Minnesota foundations are at the forefront of a national philanthropic paradigm shift toward investing endowment dollars into diverse fund managers and startup founders, thereby marrying mission and market returns.
For years, foundations in Minnesota and across the country have granted charitable dollars to organizations that support entrepreneurs on the proven premise that inclusive entrepreneurship is a critical way to close the wealth gap between the haves and have nots in our communities when scaled up.
Now, leaders among these foundations are taking the next logical step. In addition to granting five percent of their endowment dollars to charitable endeavors—as required by law—foundations are also working to invest their enormous stockpile of endowment dollars into mission-aligned investment opportunities designed to yield market returns.
The total amount of money in U.S. foundation endowments is truly mammoth; endowments topped one trillion dollars in 2022. Five percent of one trillion is just $50 billion, meaning foundation investments pack a much bigger punch than grant dollars. For further comparison, venture capital deals in 2022 totaled just over $200 billion.
The point here is that foundation endowments control a massive amount of money. Behind the scenes of public-facing grant making activities, foundation investment officers work to ensure their endowments are protected and growing every day.
To keep endowments growing, foundations invest endowment dollars in an array of diversified asset classes, including private equity and venture capital. To date, though, foundations have largely entrusted endowment investments to private equity and venture capital firms led by a homogenous group of mostly white men.
Avoiding Groupthink Leads to Higher Returns
As Chief Investment Officer at Saint Paul & Minnesota Foundation (SPMF), Shannon O’Leary oversees the SPMF investments team as well as all aspects of SPMF’s $2 billion investment portfolio. O’Leary also oversees investment strategies for SPMF’s two partner foundations, F. R. Bigelow Foundation and Mardag Foundation.
“As an asset allocator, I have first-hand experience with managers demonstrating groupthink, resulting in both higher risk and materially-lower returns,” O’Leary said. “In every case, these managers were teams who looked like each other, went to similar schools, and grew up in similar communities.”
The data shows that investing only in funds led by a lookalike group of fund managers hurts financial performance. For example, the National Association of Investment Companies (NAIC), the largest network for diverse-owned alternative asset firms, reported in 2021 that diverse-owned firms outperformed their equivalent benchmarks in 83 percent of the periods measured.

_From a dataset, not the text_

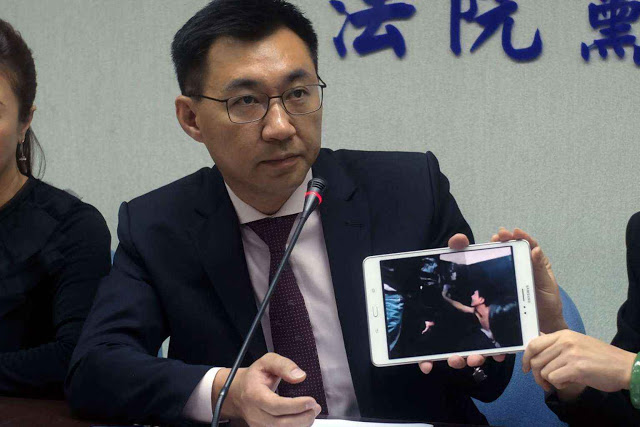 160412 J Chiang, del partido KMT, muestra un vídeo sobre la detención de taiwaneses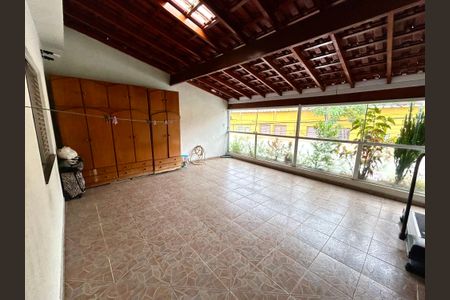 Casa à venda com 160m², 3 quartos e 2 vagas Casa à venda com 160m², 3 quartos e 2 vagasVaranda da Suíte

“The data really clearly shows that investing in diverse-led teams is a way to generate excess alpha inside your institutional investment portfolio,” O’Leary said. “If you are not investing in diverse-led investment teams, you are actively harming your ability to earn top returns.”
Marrying Market Returns With Mission
Activating Minnesota’s philanthropic billions toward inclusive entrepreneurship and above-market returns is a clear win for our state. And we won’t be alone.
National industry leader Mercer’s 2022 report on the future of endowment investing includes a recommendation that “private markets, particularly venture capital” are great ways for foundations to generate both financial returns and positive social impact.
“We believe that an impact-oriented approach, when executed well, can generate returns competitive with broad markets alongside making a positive non-financial contribution to society,” the report stated.
The message to foundation investment officers is clear: You have the opportunity to drive financial returns for your organization while simultaneously unlocking a powerful driver of economic growth in our communities.
Your portfolio is waiting.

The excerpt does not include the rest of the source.